In what will perhaps be known as The New Miracle On Ice, Canada somehow managed to defeat the US 2-1 today in Ufa, all but shattering whatever hopes the Americans had of being taken seriously just two days after losing to the Russians, who were not in any way favored in this tournament, by the same score.
“I can only speak for every single person in Canada when I say that beating the USA, who we spent months deriding as worse than a hockey team made up of boulders with smiley faces painted on them, is the crowning achievement of our nation. It’s a shame those Americans don’t have our same high priorities on the things that matter: near-point-per-game NHL-led squads winning by an entire goal,” said prime minister Stephen Harper.
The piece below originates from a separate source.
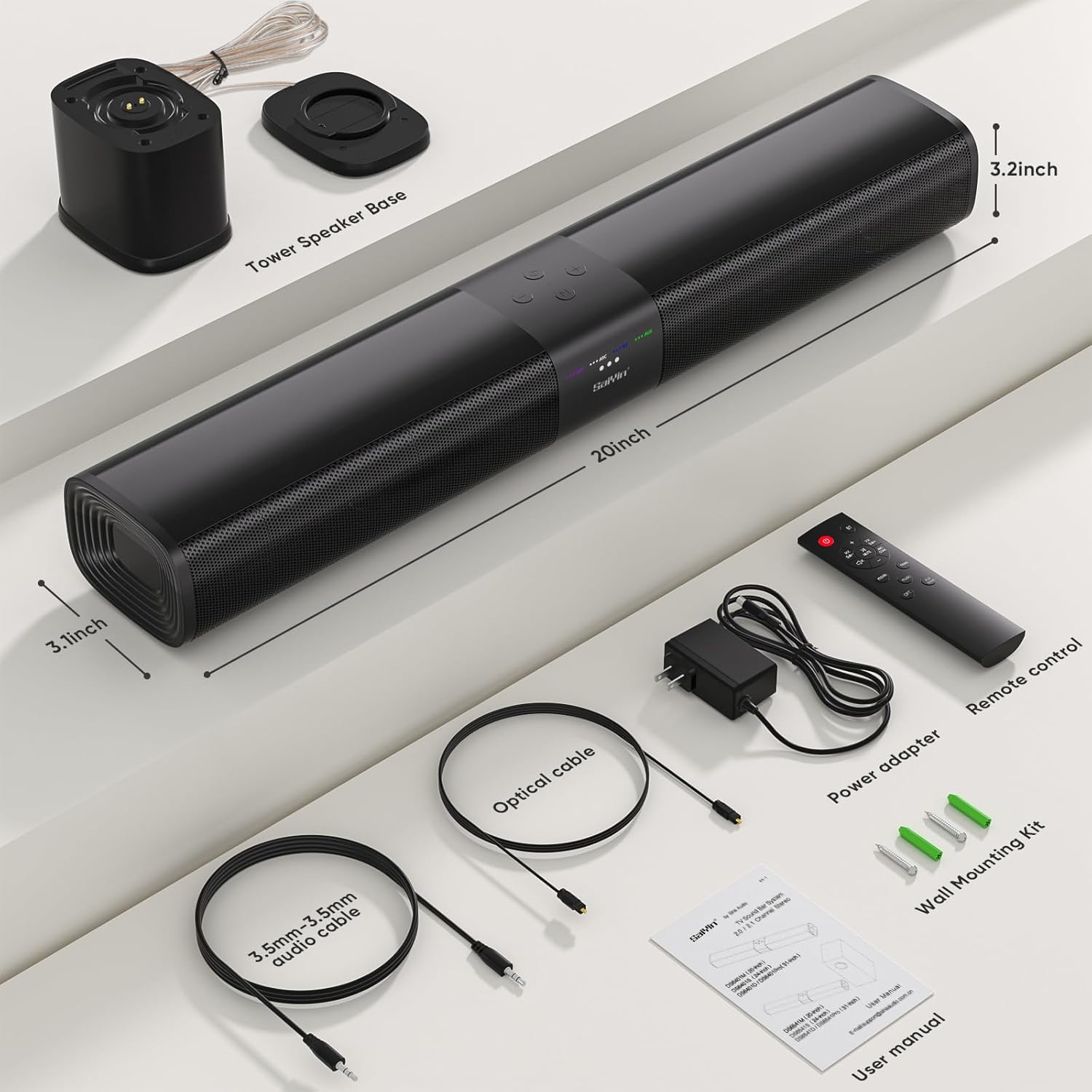 Sound Bar for Smart TV, 2 in 1 Detachable Home Audio Soundba... - Image 7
Oh yes, it seems that all the so-called experts got this one wrong, and the Canadian team with about five erstwhile NHL-quality players were only outshot and outchanced by the vastly superior American side, with its high-powered top line, but not outscored. The idea of a Ryan Nugent-Hopkins lining up across from JT Miller might seem laughable to some, because of course Miller is widely and rightly regarded as one of the premier young talents in the world, but it was those two who were involved in the first goal. Nugent-Hopkins was able to shake himself loose of Miller’s usually-airtight coverage and fire home an uncharacteristically high-quality shot past John Gibson. Then Seth Jones, who would be in the NHL right now and today if not for the fact that he is not quite draft eligible, got beat to a loose puck by Ryan Strome, who is in no way prepared for the rigors of professional hockey against grown men, which gave the Canadians a 2-0 lead headed into the second period.
Gord Terwilliger told us: “I think it’s pretty clear the US team lost two tight games because no one down there knows how to skate or think.”
Then it became hold-on-for-dear-life time for the lowly Canucks, who couldn’t have possibly ever imagined being up two goals on the mighty, mighty Americans at any point in their lives. No amount of paltry accomplishments being taken in the top-10 at their various NHL entry drafts or winning CHL scoring titles could have prepared them for the assault the US opened on them in the second and third, when all the surprising punch the Canadians brought finally stirred them from their slumber.
But alas, the shambolic Canadian defense and goaltending held stronger than anyone ever thought possible, what with its mere five first-round picks. Try as highly-regarded players such as Jimmy Vesey and Vincent Trochek might, the one goal from Jacob Trouba, who is only good due to his association with a Canadian giant like the Winnipeg Jets, was all the U.S. could muster.
“I’m so happy we beat the U.S.,” Nugent-Hopkins said after the game. “I mean, we didn’t expect to do so at all despite the fact that they are really terrible and bad, and basically we can’t believe it all happened this way.”
Many questions now remain for the Americans, whose towering final opponent, Slovakia, just edged the top-quality German squad 2-1 in overtime. This is a game the US should win because it is the best team in the tournament on paper, but let’s face it, losing to a lunchpail side like Canada probably broke its will.
Meanwhile, the win only bolstered Canadian spirits.
“As you can clearly see Canada is an invincible juggernaut,” said Laurie MacMillan “They proved it when they beat those Americans 2-1, although the Americans aren’t very good at all.”